* _WHAT THE EXERCISE ASKS_: An exact copy is required of every line from the one with "Lanterns being lit" through the end of the data below, and the pictures must stay out of it.
● ● ● ● ●
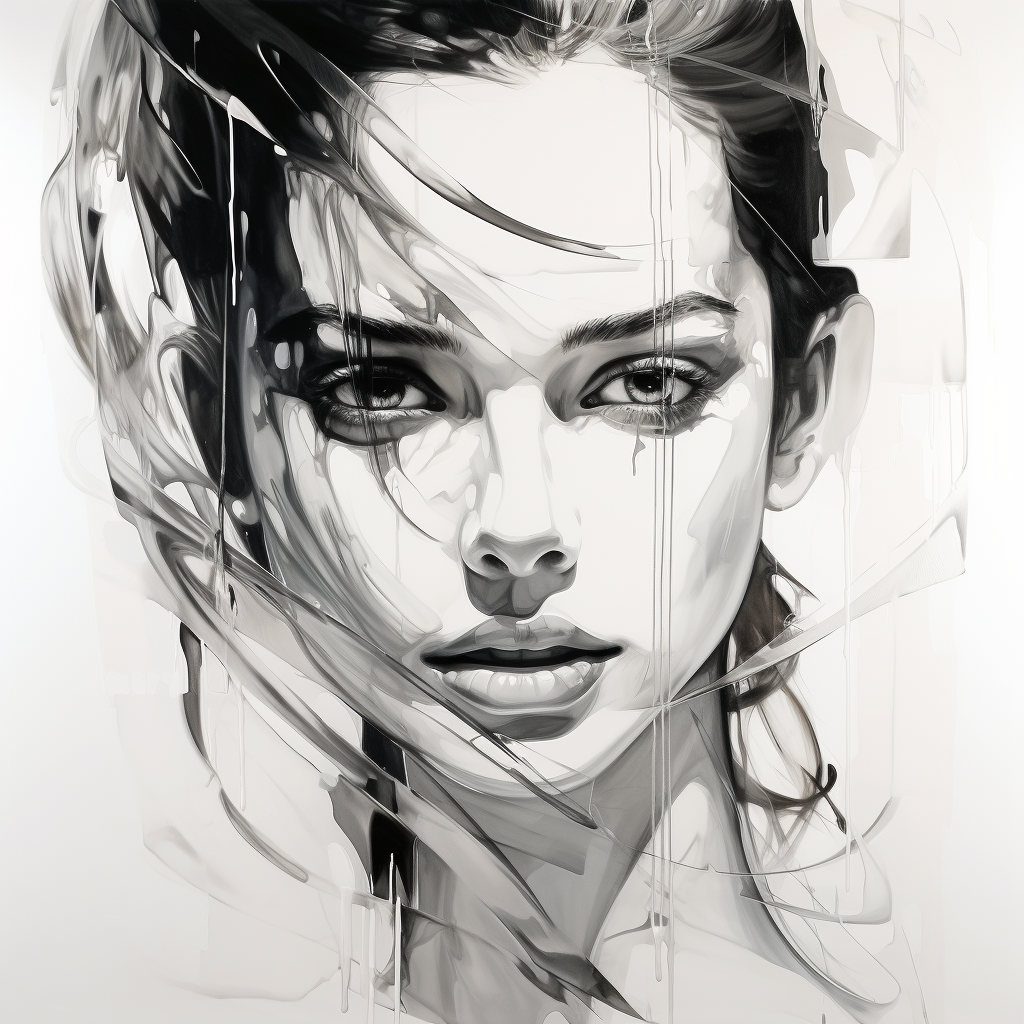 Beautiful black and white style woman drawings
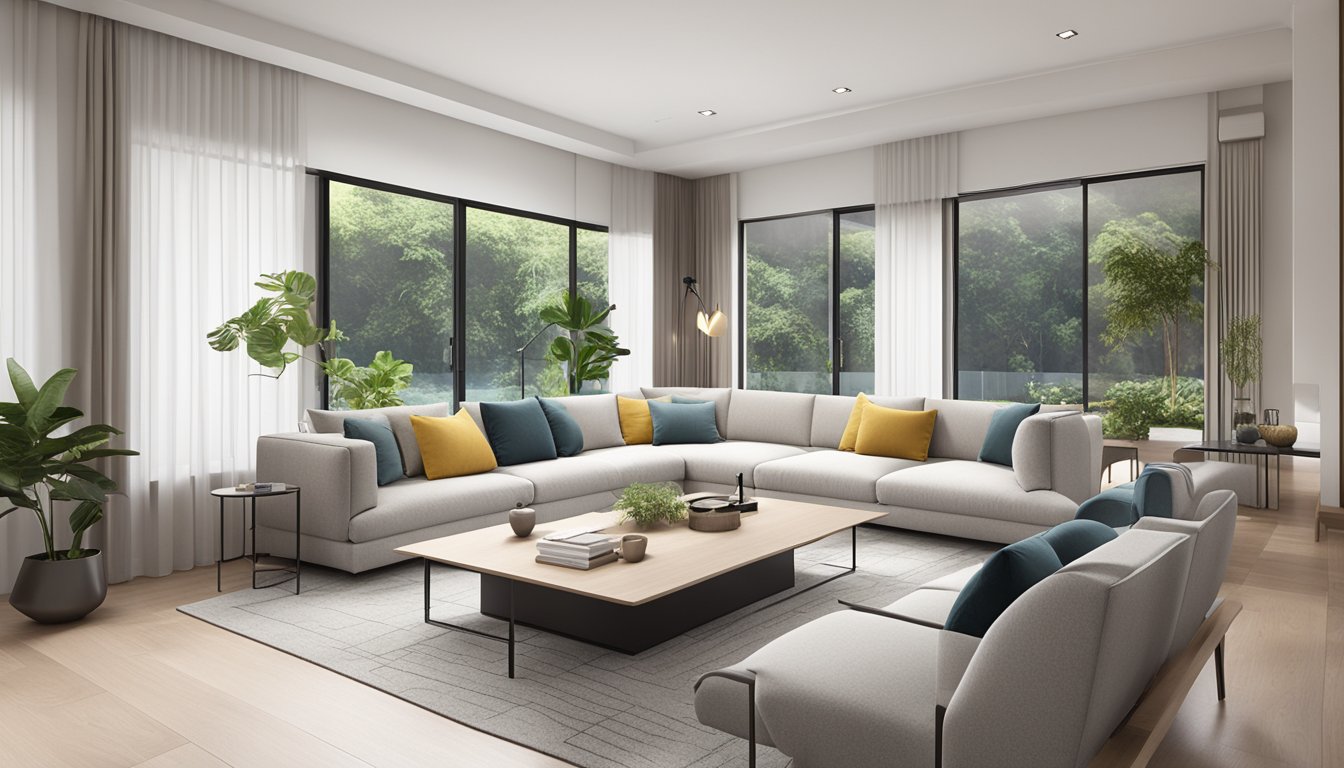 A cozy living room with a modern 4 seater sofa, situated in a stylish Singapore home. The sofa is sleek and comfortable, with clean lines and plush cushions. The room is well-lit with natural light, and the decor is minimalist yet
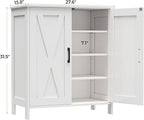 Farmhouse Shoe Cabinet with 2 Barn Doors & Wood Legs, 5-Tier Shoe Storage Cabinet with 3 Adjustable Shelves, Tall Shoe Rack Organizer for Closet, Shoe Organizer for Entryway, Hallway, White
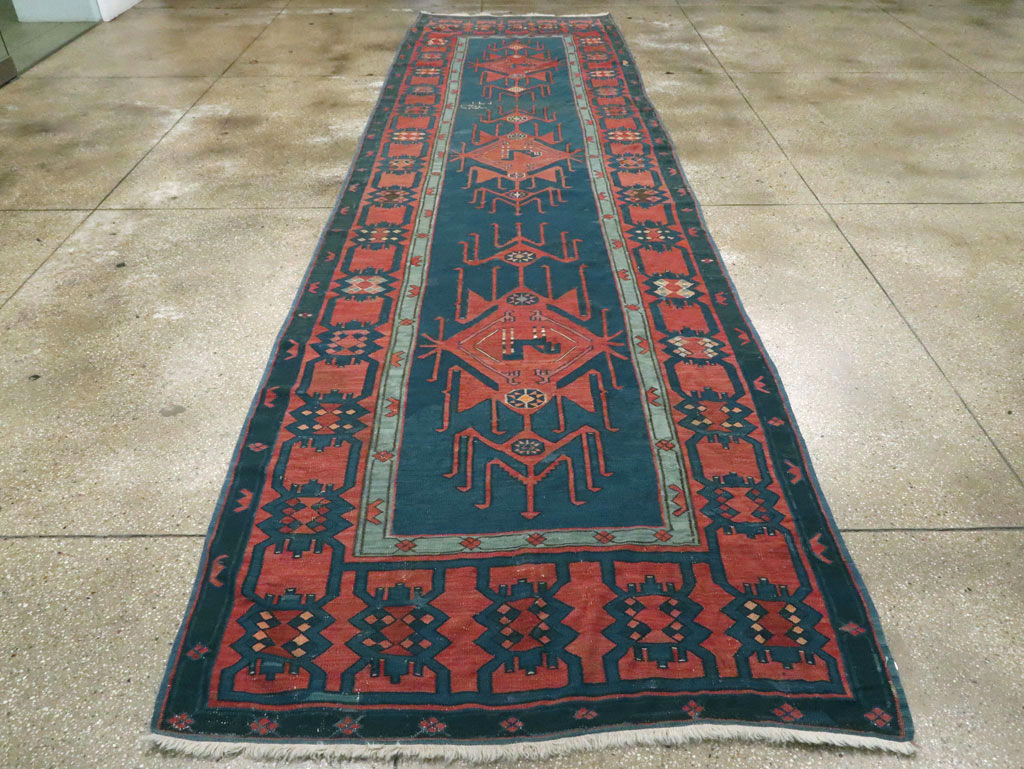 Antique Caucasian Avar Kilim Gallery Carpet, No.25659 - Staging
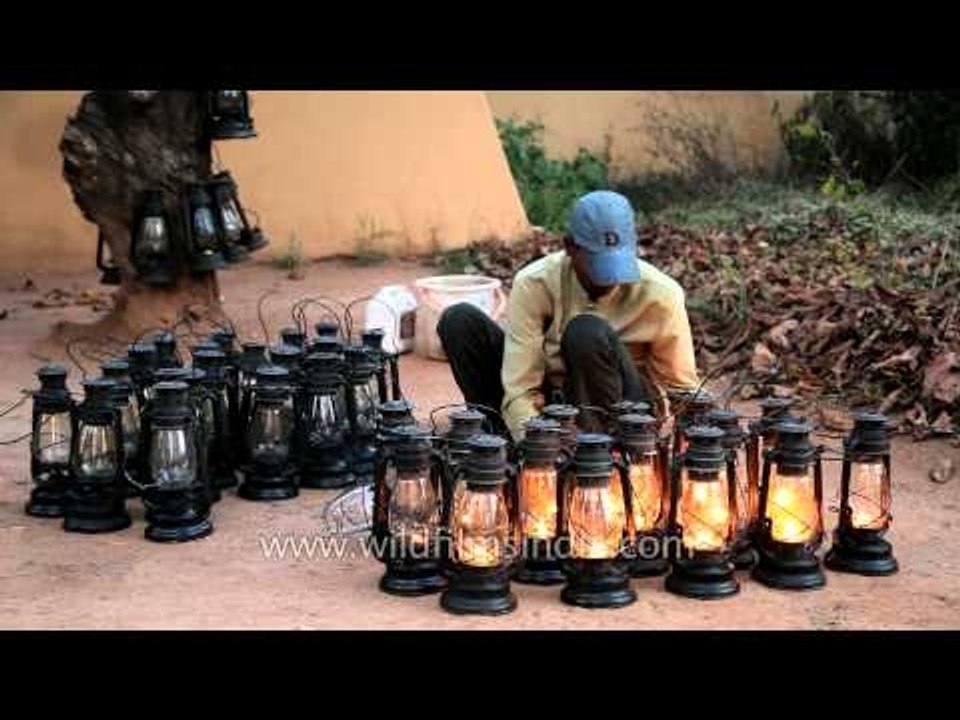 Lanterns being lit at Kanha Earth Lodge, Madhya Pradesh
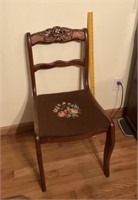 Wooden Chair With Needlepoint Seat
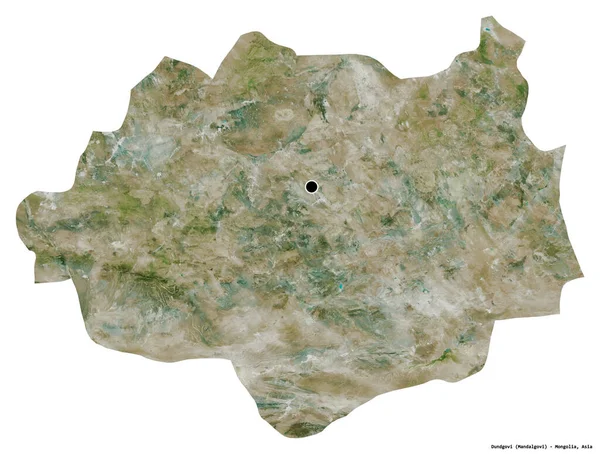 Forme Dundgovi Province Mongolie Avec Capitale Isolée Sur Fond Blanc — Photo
● ● ● ● ●
* _TASK RESPONSE_:
 Lanterns being lit at Kanha Earth Lodge, Madhya Pradesh
 Wooden Chair With Needlepoint Seat
 Forme Dundgovi Province Mongolie Avec Capitale Isolée Sur Fond Blanc — Photo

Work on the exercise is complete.